How to complete next year’s NCAA Men’s Basketball bracket

A quarantine activity in my sister-in-law’s family is buying stocks. Stonks. Gamestonks? Each week, each kid, gets five dollars. They invest in whatever they want.

The best returns, to date, are from my niece. She’s 8. Her name begins with ‘T’ so her stock choices begin with ‘T’. She owns Tesla.

My three nieces and nephews aren’t competing but they do demonstrate that in small groups the best way to outperform others is ‘be chalky.’ Picking favorites is called chalky because in the days of horse racing, tracks wrote the lines on chalkboards with chalk. Even then, people liked betting favorites, so those odds were updated more often and had fresher chalk marks. Hence, ‘betting chalk’.

The same structure works for winning in any small group. To outperform, bet chalk. **However in a large group, choose variance.** Be different, and be right. We know that something will happen. We just don’t know which something.

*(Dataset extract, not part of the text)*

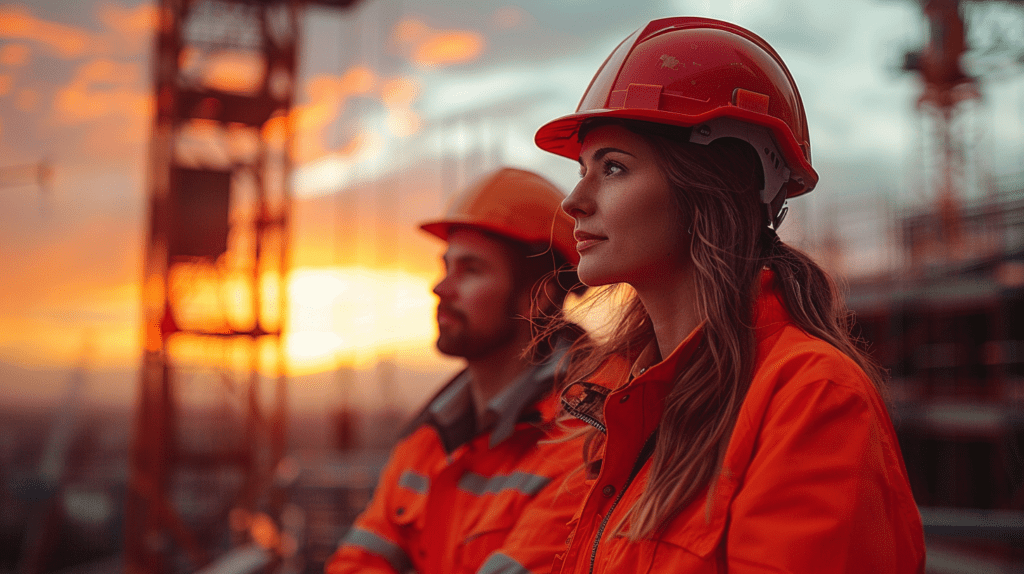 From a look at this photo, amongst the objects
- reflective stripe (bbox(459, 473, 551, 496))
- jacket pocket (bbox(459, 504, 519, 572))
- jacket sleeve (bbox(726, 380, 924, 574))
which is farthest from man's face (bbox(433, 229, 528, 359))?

One way to think through this approach is to consider the sum of the NCAAM final four team’s ranks. This question was posed on Wharton Moneyball and we have an answer: 11. On average, two number one seeds make it to the final four each year. Only in 1993 did all one seeds make it to the FF.

Yeah, but Covid!

That’s what I thought too. When Cade Massey proposed that it might be a more variable season I thought, base rates be dammed it’s going over. But that’s probably wrong (Narrator: It was not).

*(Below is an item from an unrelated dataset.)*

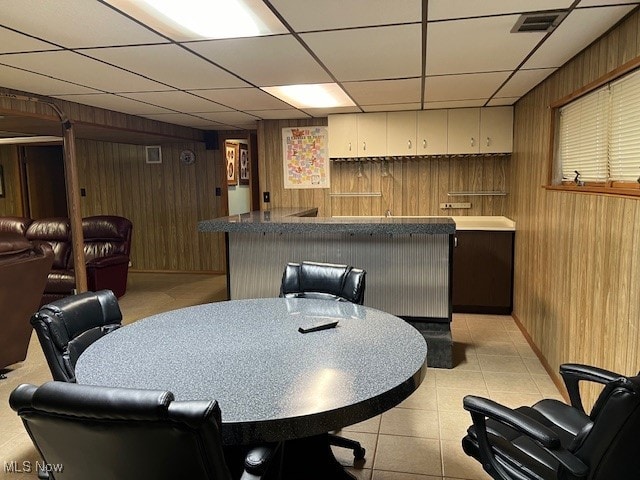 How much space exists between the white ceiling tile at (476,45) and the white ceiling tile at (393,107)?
1.50m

What I missed what something Daniel Kahneman wrote about in TFaS: substitution.

Rather than answer the question: Will the sum of the ranks of the final four teams be larger than average this year? I substituted the question: Will there be more variance this year?

What I missed was the idea behind hurdle technologies. In food preservation there’s not just one way that keeps food safe to eat, but a bunch. Food might be too acidic and be cooled and be sealed. It’s the combination of things, a series of obstacles, which limits bacteria.

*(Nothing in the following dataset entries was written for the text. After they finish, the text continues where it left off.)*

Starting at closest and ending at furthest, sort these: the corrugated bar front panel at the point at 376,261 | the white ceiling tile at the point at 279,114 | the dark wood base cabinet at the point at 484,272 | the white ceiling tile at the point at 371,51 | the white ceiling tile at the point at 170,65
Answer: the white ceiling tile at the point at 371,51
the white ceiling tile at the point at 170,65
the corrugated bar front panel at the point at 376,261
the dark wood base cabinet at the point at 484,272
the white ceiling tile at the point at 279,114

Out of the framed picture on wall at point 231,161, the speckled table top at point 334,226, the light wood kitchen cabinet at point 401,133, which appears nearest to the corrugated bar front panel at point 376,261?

That same idea applies in a bracket. Oral Roberts (#15) beat Ohio State (#2) and Florida (#7) but had to face Arkansas (#3) too, who won.

Ultimately the final four seeds totaled 15 (1,1,2,11). My direction was right. My reasoning was wrong.

Are you tired? Is that really the question?

“When faced with a difficult question, we often answer an easier one instead, usually without noticing the substitution.”

Daniel Kahneman

We probably do this a lot more than we think. Consider how many decisions we face in a day, how many are automatic, and how many switches go unnoticed.

It happens to everyone. In a recent post, Scott Alexander writes about an individual randomized control trial for a sleep supplement. Alexander wanted to know if the supplement helped him sleep better, or if it was a placebo effect.

Placebos are powerful and cheap. If they get the job done, all the better it seems. But Alexander is serious, smart, and curious—so he tested this idea.

A friend disguised the supplements and sugar pills in oversized capsules, flipped a coin to determine the order, and placed the camouflaged pills in a monthly pill planner. To test the effectiveness, Alexander recorded hours of sleep and subjective ratings on how he felt. The results shocked him.

But not for the reason he expected.

I think the active ingredient here was not letting myself look at the clock. Without external cues to tell me how tired I should feel, I was forced to rely on how tired I actually felt, which in many cases was “not tired at all”. 

Scott Alexander

In removing the alarm clock, Alexander removed the easier question. If it was before nine, it was too early. Obviously. Or not.

These kinds of tendencies work great for a lot of things, but occasionally work too much and we get interesting results like this.